The tri-five Wonderbars and pushbutton radios used this same circuit. (The main difference between them is the signal seeking portion of the Wonderbar.) The manual tune radios used but one tube to drive the speaker.
Some '57 pushbuttons (like the one in my '57) used a single transistor to drive the speaker. They also use an unusual group of tubes in the remainder of the circuit that use a plate voltage of 12 volts instead of roughly 100 volts. These radios are a single piece unit (instead of 2 piece) and do not require the mechanical vibrator tube and transformer. FWIW, I also have a '57 pushbutton radio that is all tubes in my stash of goodies.
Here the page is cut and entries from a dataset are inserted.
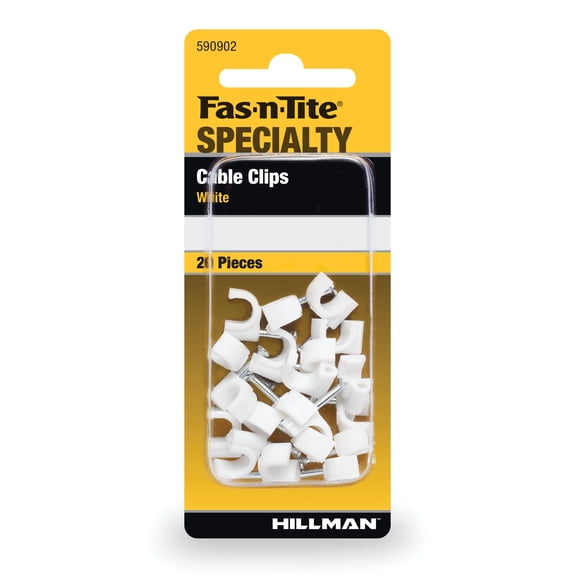 Fas-n-tite Specialty Cable Clips, M5, Nylon, Corrosion Resistant, Interior, White, 20 pack
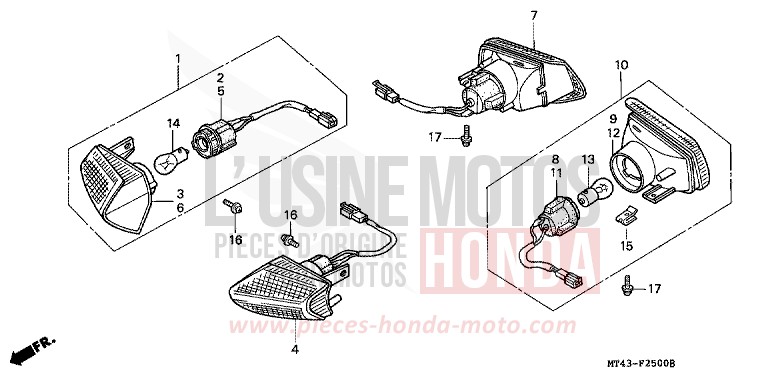 WINKER (1) for VFR750F STARLIGHT SILVER METALLIC (NH131) from 1991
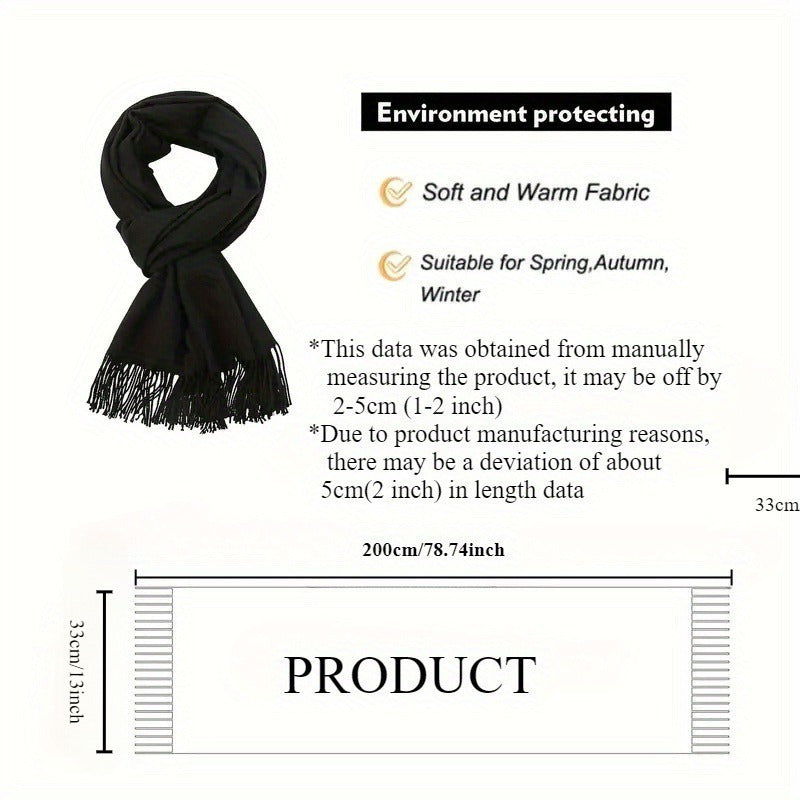 Soft and warm polyester shawl for men with tassels - Stylish and comfortable solid color scarf, ideal for fall and winter season.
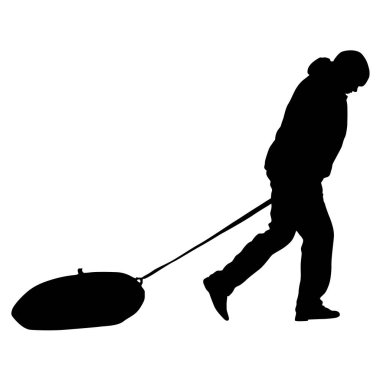 Adam ve having fun silüeti şişirilebilir kauçuk tüp kızak beyaz arka plan üzerinde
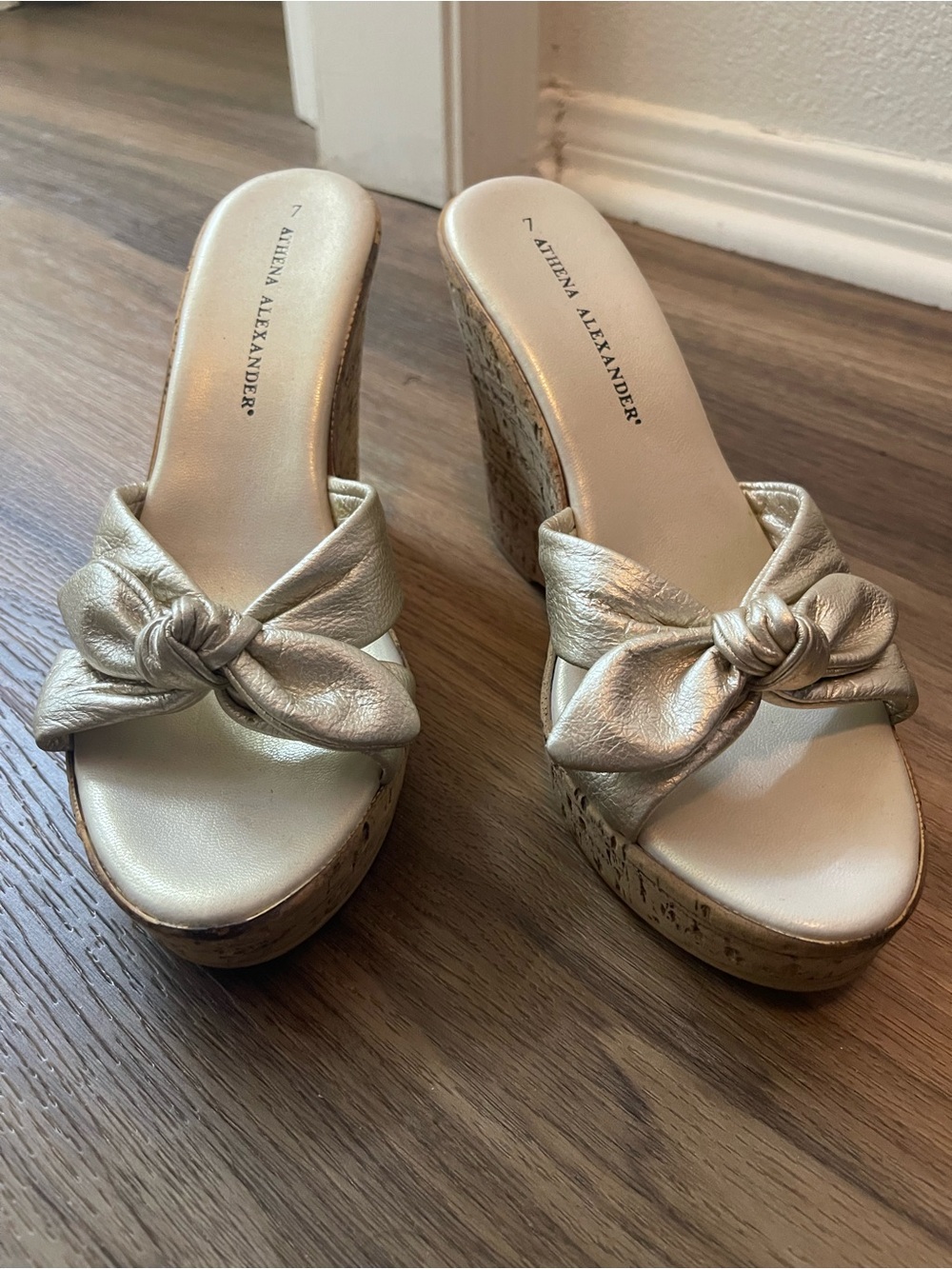 Athena Alexander Gold Metallic Knot Cork Wedge Sandals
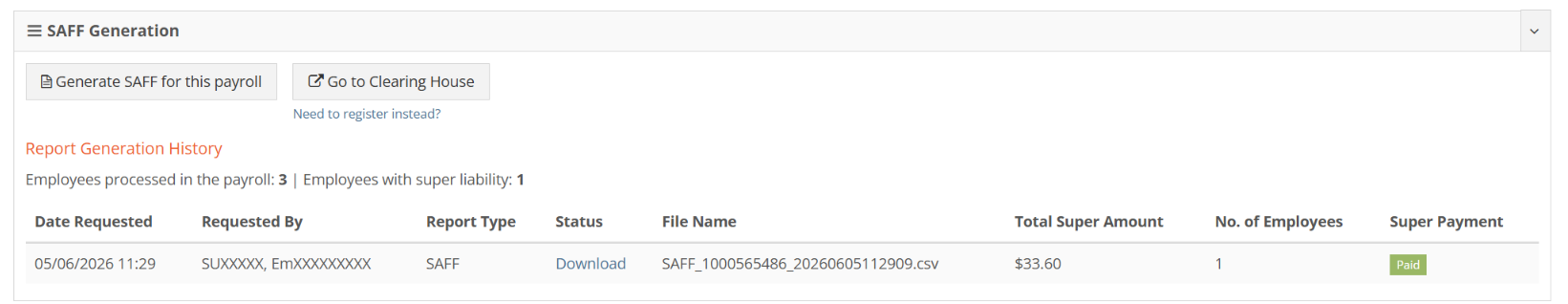 Paid status in the SAFF Generation widget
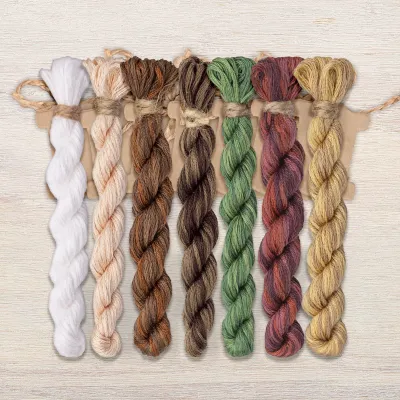 Set of OwlForest Hand-Dyed Threads for the “Coffee Bow” Chart (DMC)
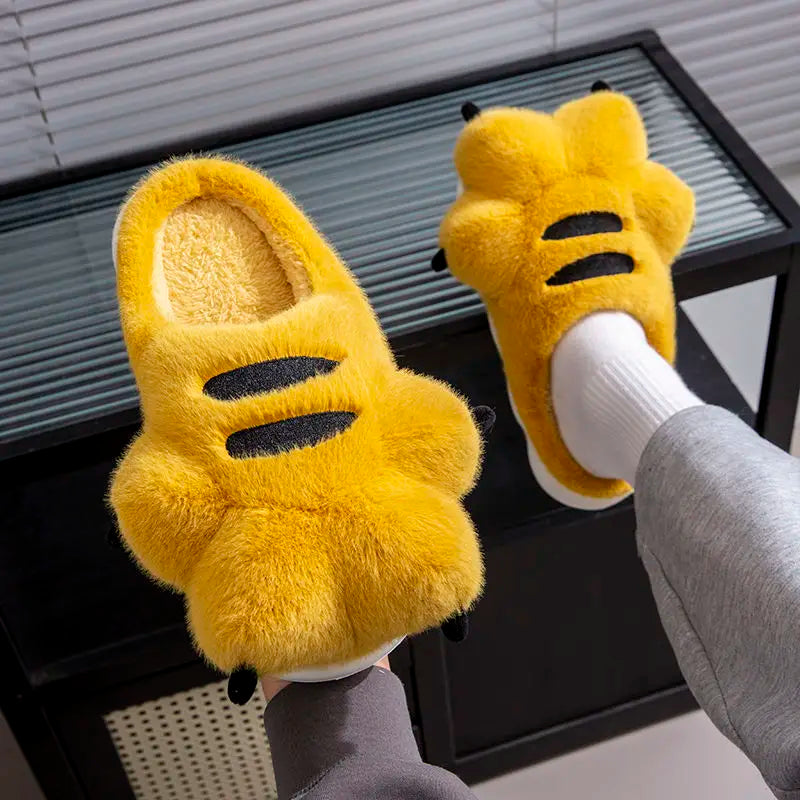 Lorilury Tiger Claw Fuzzy Faux Fur Slippers – Unisex Indoor Slides Novelty Fuzzy Slippers Axl Yellow 38-39 China Mainland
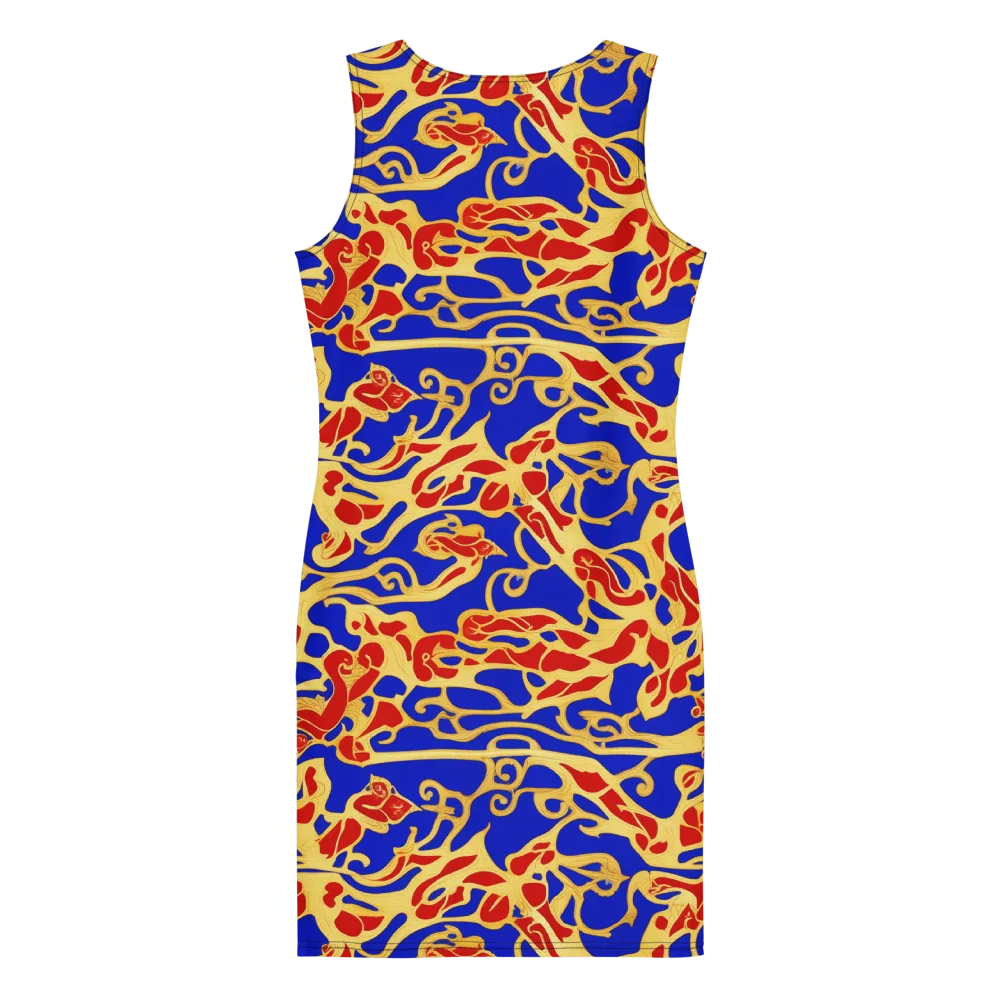 Royal Flame on Bodycon Dress — Back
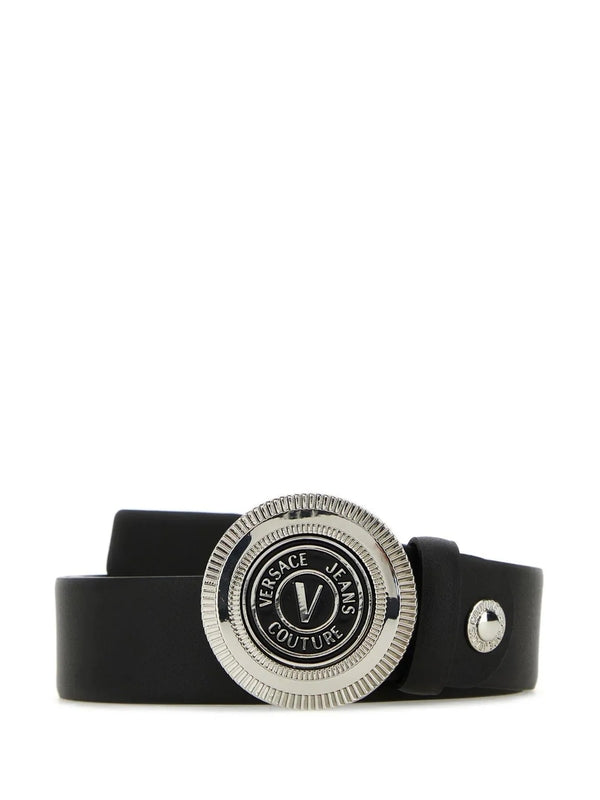 V Emblem Logo Buckle Leather Belt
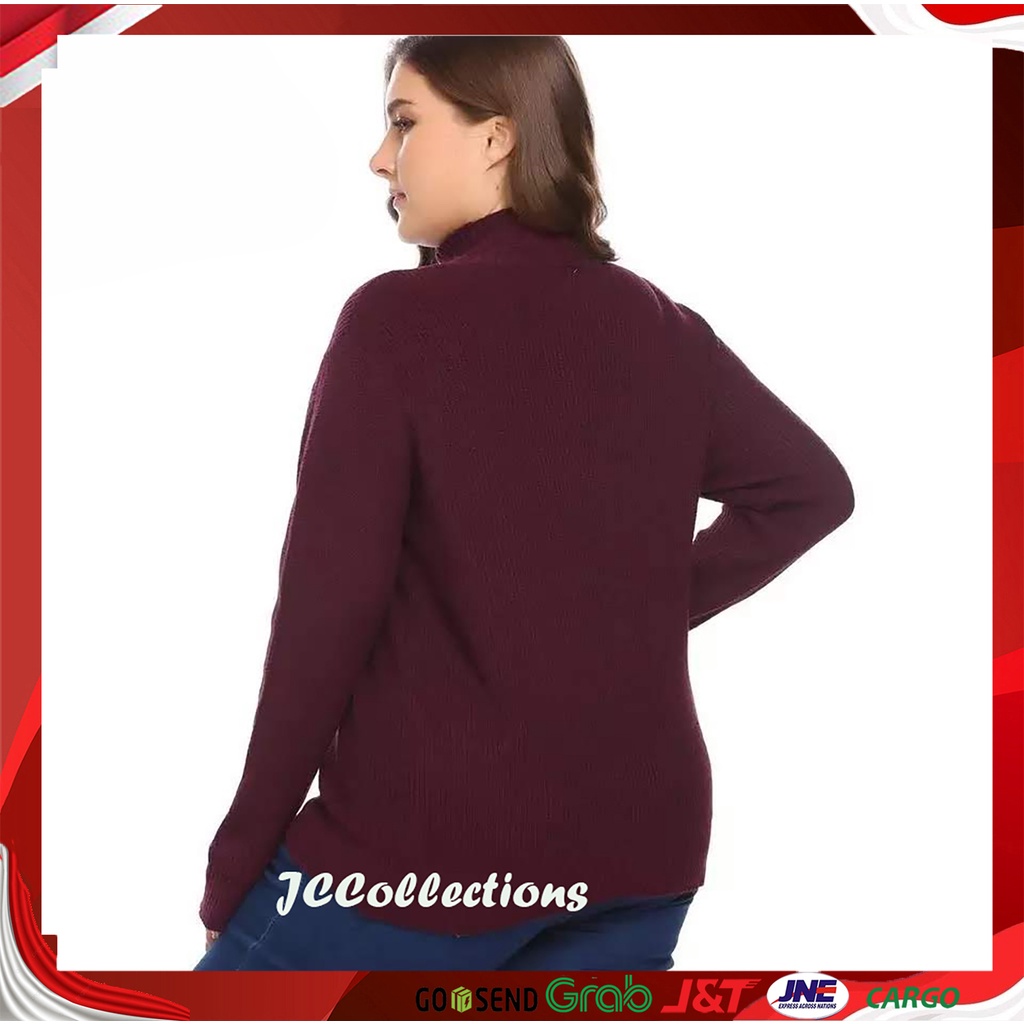 Sweater Turtleneck Korea Wanita Jumbo Big Size 3XL - JCCollections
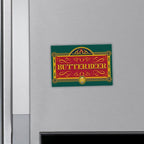Fans Geek Store Harry Potter Butterbeer magnet with a matte paper finish and decorative red and green design.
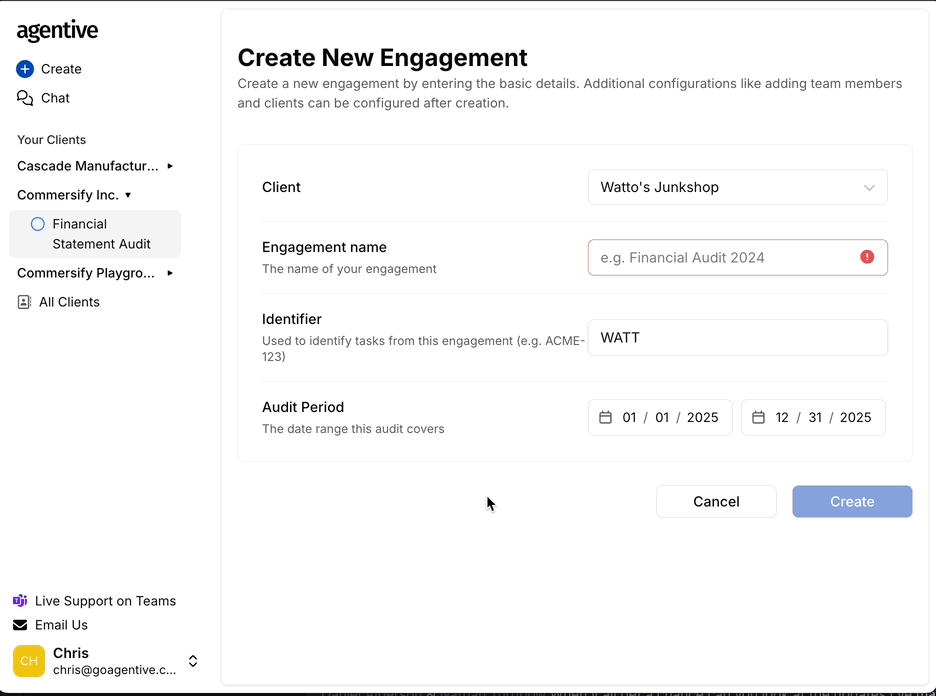 Creating an engagement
As far as output power - 4.5 watts sticks in my mind, but I can't remember where I saw it. I might have that in a paper copy book on these radios.
Problem with those early transistors is that they were made with germanium not silicon and they sometimes start to crackle and you hear a little static from it. The even degrade just sitting on a shelf, so a new one may be better or worse, If it's available.